China-based DSC Holdings, the operator of the Dasouche used-car dealer platform, is pursuing a U.S. initial public offering that would place the company at a valuation of up to $901 million, the firm said on Wednesday. Headquartered in Jinhua, Zhejiang, the company plans to sell 3 million American depositary shares (ADS) at a price range of $16 to $18 apiece, aiming to raise as much as $54 million.
The planned listing would be on the Nasdaq under the symbol "DSC." DSC named Deutsche Bank, China International Capital Corp (CICC), CR Global Markets, and ICBC International as the underwriters for the offering.
Regulatory developments facilitating the move include approval from the China Securities Regulatory Commission earlier this year. The CSRC signed off on DSC s proposed New York IPO in April, the first approval of a U.S. listing application in four months, according to the filing details cited by the company.

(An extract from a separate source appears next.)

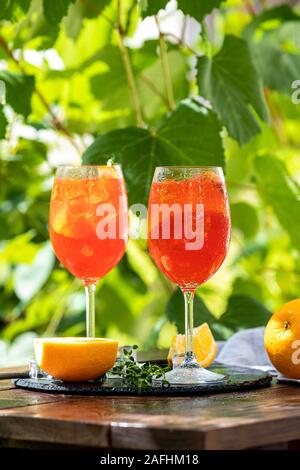 Two Aperol spritz cocktail in big wine glass with oranges, summer Italian fresh alcohol cold drink. Sunny garden with vineyard background Stock Photo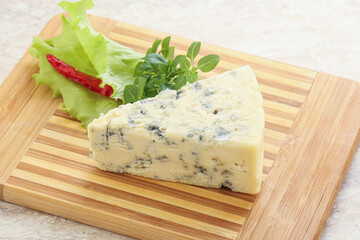 Blue cheese piece over board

Founded in 2012 by Junhong Yao, DSC develops digital tools and transaction services targeted at used-car dealers operating in China, which it describes as the world s largest automotive market. DSC reported it holds in excess of 90% market share for operating systems used by China s used-car dealers, citing data from CIC. Its core digital platform, DaFengChe, is offered largely free to dealers and encompasses functionality for inventory sourcing and management, marketing, sales, and business analysis.

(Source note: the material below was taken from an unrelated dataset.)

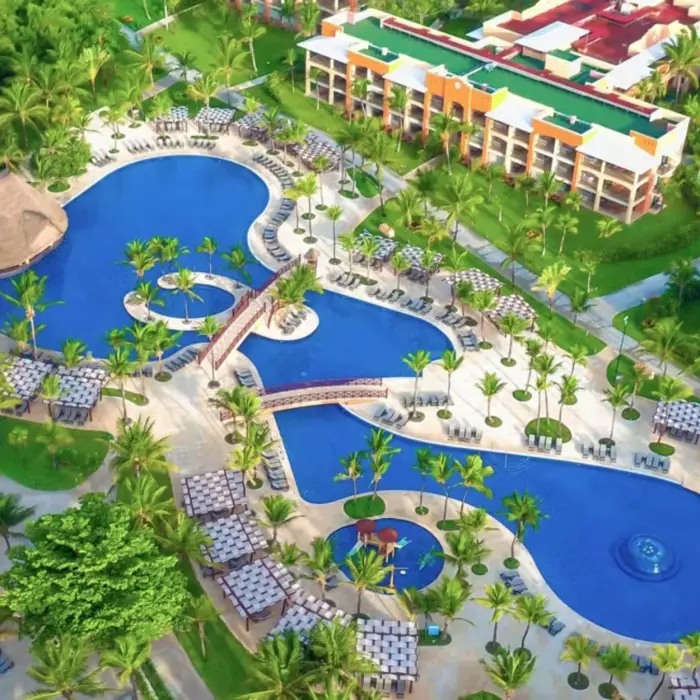An aerial view showing the large, free-form swimming pools surrounded by palm trees and buildings.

DSC counts several institutional backers among its investors, including venture capital firm 5Y Capital, investment firm Primavera Capital, and Ant Group. API (Hong Kong) Investment, a vehicle wholly owned by Ant Group, has committed to purchasing up to $30 million of DSC shares from the offering.
The filing comes against a backdrop of slower issuance of Chinese listings in New York over the past year. The company s plans were announced amid heightened geopolitical tensions between Washington and Beijing that followed tariff moves by U.S. President Donald Trump, and alongside increased scrutiny from Beijing of Chinese firms seeking offshore IPOs, including those targeting U.S. exchanges.

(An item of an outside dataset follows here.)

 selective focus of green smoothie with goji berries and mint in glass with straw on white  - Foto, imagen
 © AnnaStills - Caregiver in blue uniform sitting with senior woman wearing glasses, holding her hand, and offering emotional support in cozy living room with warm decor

The prospectus and underwriting roster reflect the company s intention to raise capital through U.S. investors while maintaining strategic support from prominent Chinese and international backers. DSC s filing lays out the terms of the ADS offering and confirms the intended Nasdaq ticker, but it does not alter the facts around pricing, the number of shares to be sold, or the stated commitments by API (Hong Kong) Investment and the listed underwriters.
Deal specifics
- Valuation target: up to $901 million.
- Offering: 3 million ADS at $16 to $18 each, raising up to $54 million.
- Ant Group affiliate API (Hong Kong) Investment to potentially buy up to $30 million from the offering.
- Underwriters: Deutsche Bank, CICC, CR Global Markets, ICBC International.
- Planned listing venue and ticker: Nasdaq - "DSC."